DNS in Kubernetes

Kubernetes offers a DNS cluster addon, which most of the supported environments enable by default. We use SkyDNS as the DNS server, with some custom logic to slave it to the kubernetes API server.

What things get DNS names?

The only objects to which we are assigning DNS names are Services. Every Kubernetes Service is assigned a virtual IP address which is stable as long as the Service exists (as compared to Pod IPs which can change over time due to crashes or scheduling changes). This maps well to DNS, which has a long history of clients that, on purpose or on accident, do not respect DNS TTLs (see previous remark about Pod IPs changing).

Where does resolution work?

Kubernetes Service DNS names can be resolved using standard methods (e.g. gethostbyname) inside any pod, except pods which have the hostNetwork field set to true.

Supported DNS schema

The following sections detail the supported record types and layout that is supported. Any other layout or names or queries that happen to work are considered implementation details and are subject to change without warning.

Services

A records

"Normal" (not headless) Services are assigned a DNS A record for a name of the form my-svc.my-namespace.svc.cluster.local. This resolves to the cluster IP of the Service.

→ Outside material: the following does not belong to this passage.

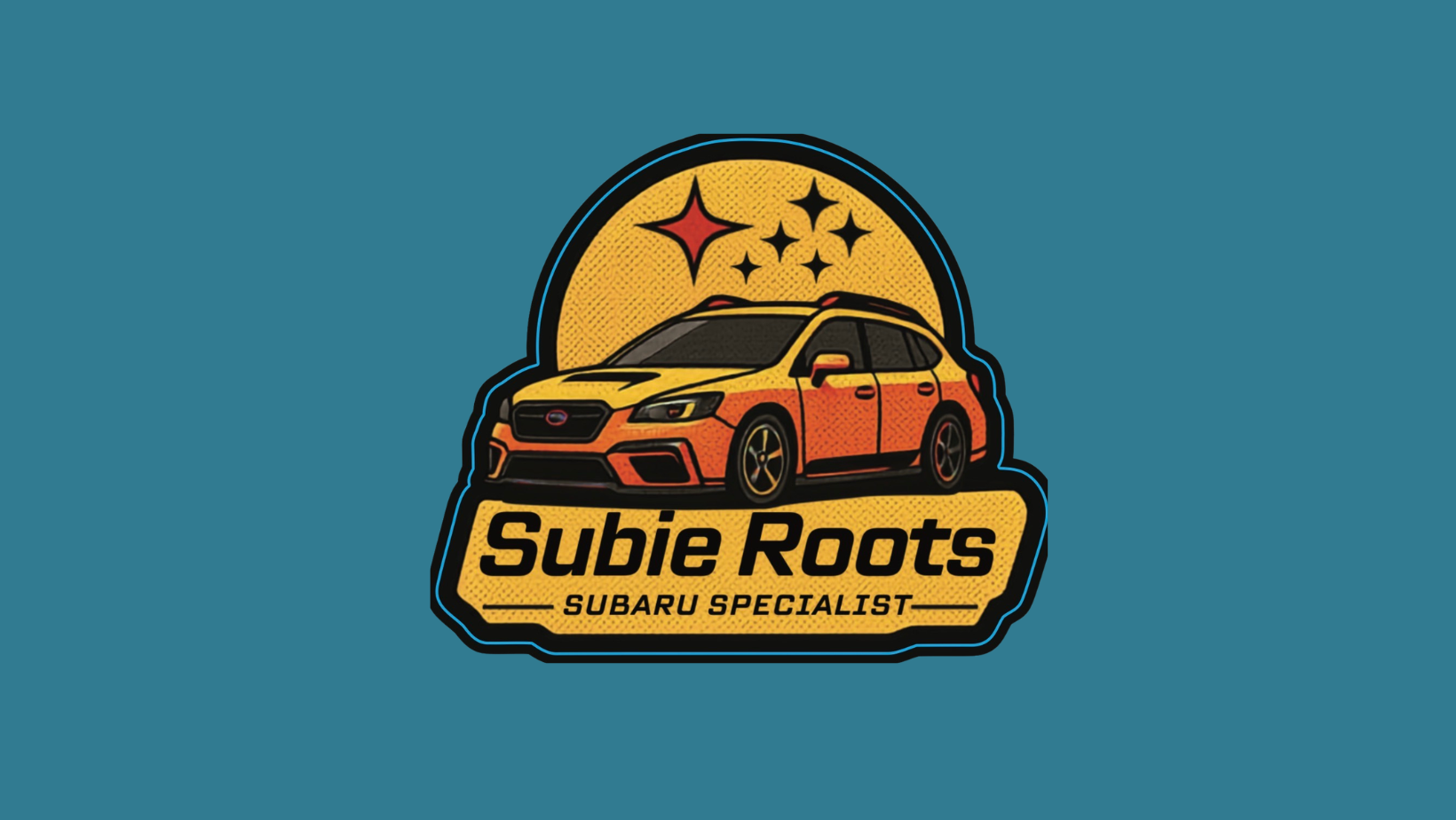 SubieRoots Sticker!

"Headless" (without a cluster IP) Services are also assigned a DNS A record for a name of the form my-svc.my-namespace.svc.cluster.local. Unlike normal Services, this resolves to the set of IPs of the pods selected by the Service. Clients are expected to consume the set or else use standard round-robin selection from the set.

SRV records

SRV Records are created for named ports that are part of normal or Headless Services. For each named port, the SRV record would have the form _my-port-name._my-port-protocol.my-svc.my-namespace.svc.cluster.local. For a regular service, this resolves to the port number and the CNAME: my-svc.my-namespace.svc.cluster.local. For a headless service, this resolves to multiple answers, one for each pod that is backing the service, and contains the port number and a CNAME of the pod of the form auto-generated-name.my-svc.my-namespace.svc.cluster.local.

Backwards compatibility

Previous versions of kube-dns made names of the for my-svc.my-namespace.cluster.local (the 'svc' level was added later). This is no longer supported.

Pods

A Records

When enabled, pods are assigned a DNS A record in the form of pod-ip-address.my-namespace.pod.cluster.local.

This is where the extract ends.